─── DATA FOR THIS EXERCISE
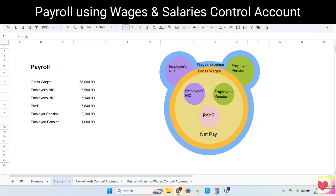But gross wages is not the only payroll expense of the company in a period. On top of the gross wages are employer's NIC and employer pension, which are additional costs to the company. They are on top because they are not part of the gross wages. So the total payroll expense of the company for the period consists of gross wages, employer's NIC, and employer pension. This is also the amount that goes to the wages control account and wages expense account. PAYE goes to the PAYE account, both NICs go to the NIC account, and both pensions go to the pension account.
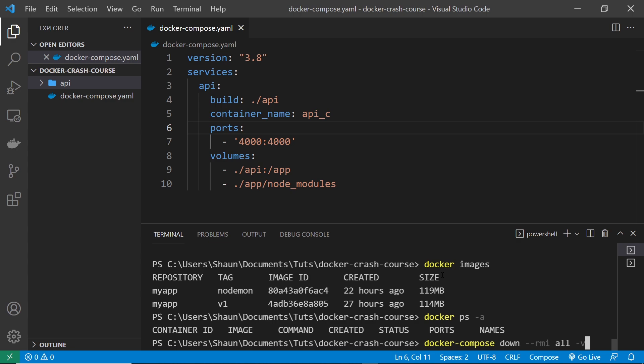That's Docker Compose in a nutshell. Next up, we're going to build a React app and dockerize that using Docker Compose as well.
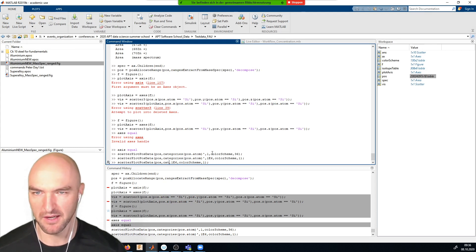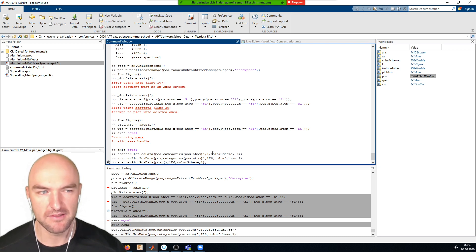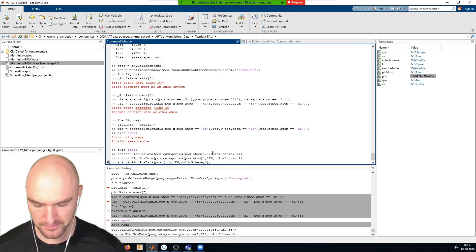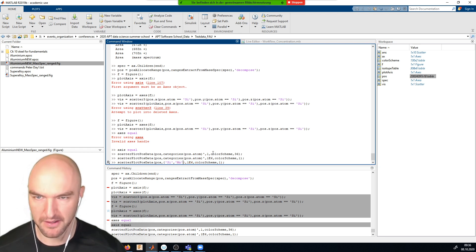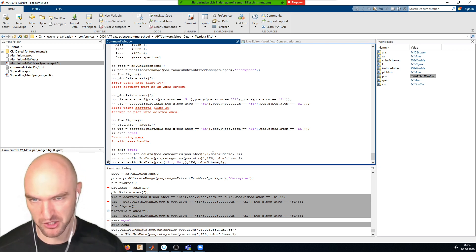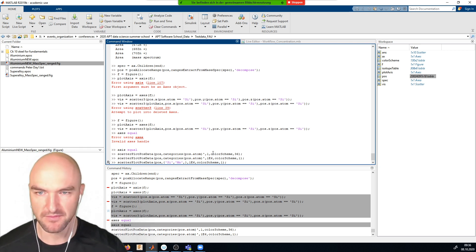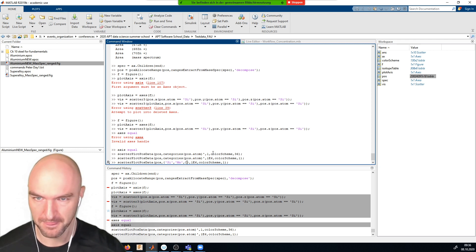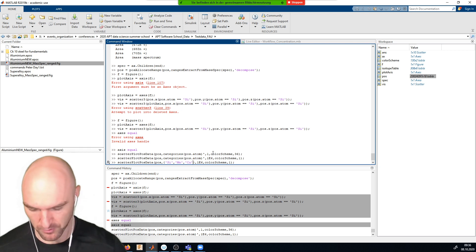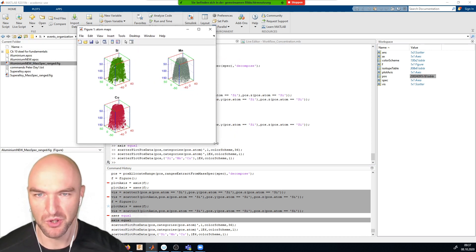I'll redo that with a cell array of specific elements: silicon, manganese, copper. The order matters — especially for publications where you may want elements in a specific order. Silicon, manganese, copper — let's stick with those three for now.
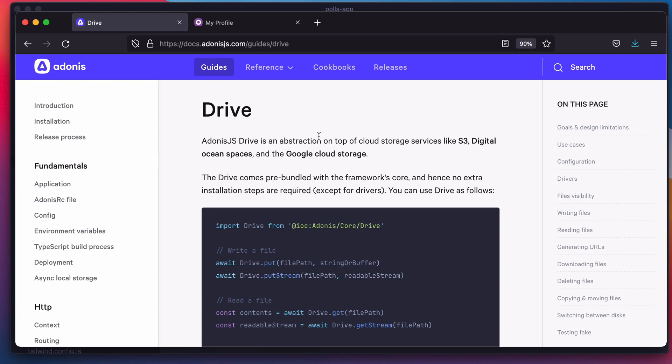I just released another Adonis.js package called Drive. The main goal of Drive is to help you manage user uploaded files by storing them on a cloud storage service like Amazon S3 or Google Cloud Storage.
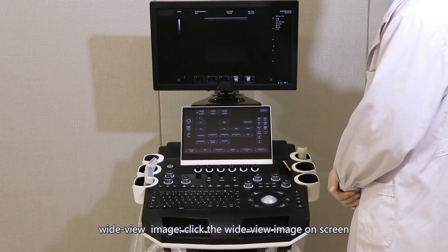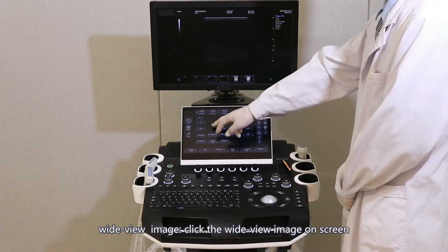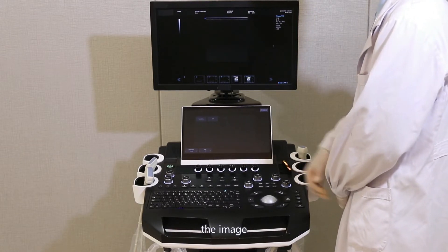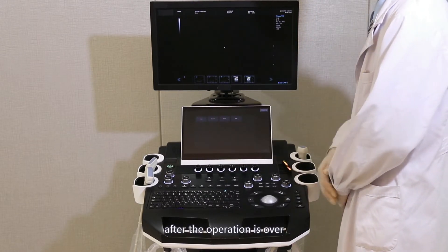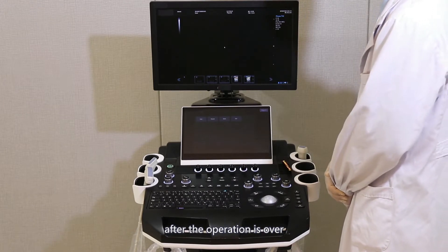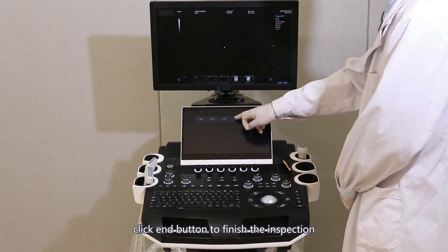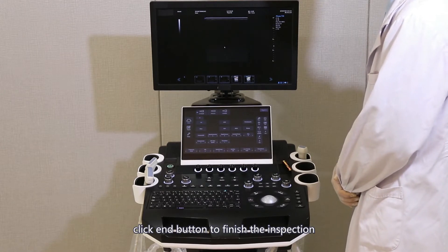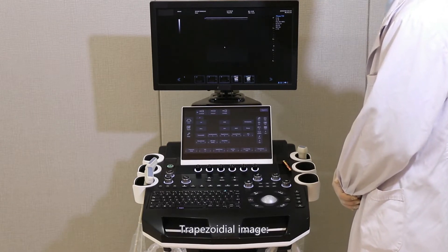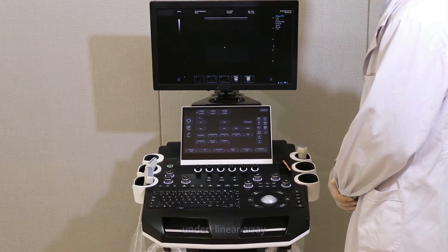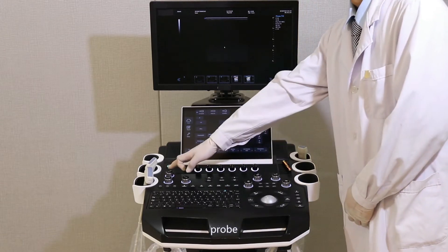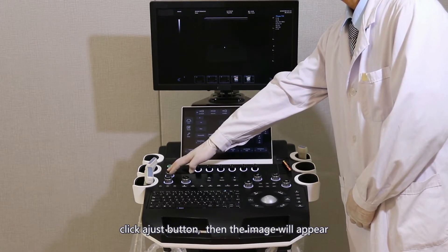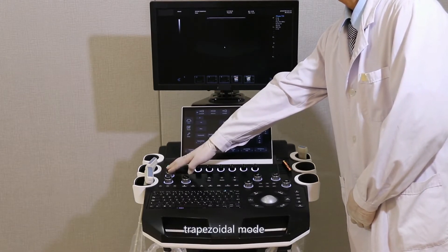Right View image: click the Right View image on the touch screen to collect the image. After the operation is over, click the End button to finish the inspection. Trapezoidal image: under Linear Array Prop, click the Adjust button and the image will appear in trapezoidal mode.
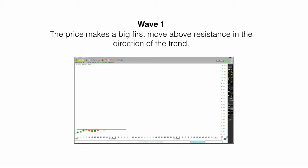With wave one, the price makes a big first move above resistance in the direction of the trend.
──────
**TASK ITEM**
Please set down exactly the lines from the first line of the data above through the line with "That's Docker Compose", both included, leaving out the pictures.

**TASK ANSWER**
But gross wages is not the only payroll expense of the company in a period. On top of the gross wages are employer's NIC and employer pension, which are additional costs to the company. They are on top because they are not part of the gross wages. So the total payroll expense of the company for the period consists of gross wages, employer's NIC, and employer pension. This is also the amount that goes to the wages control account and wages expense account. PAYE goes to the PAYE account, both NICs go to the NIC account, and both pensions go to the pension account.
That's Docker Compose in a nutshell. Next up, we're going to build a React app and dockerize that using Docker Compose as well.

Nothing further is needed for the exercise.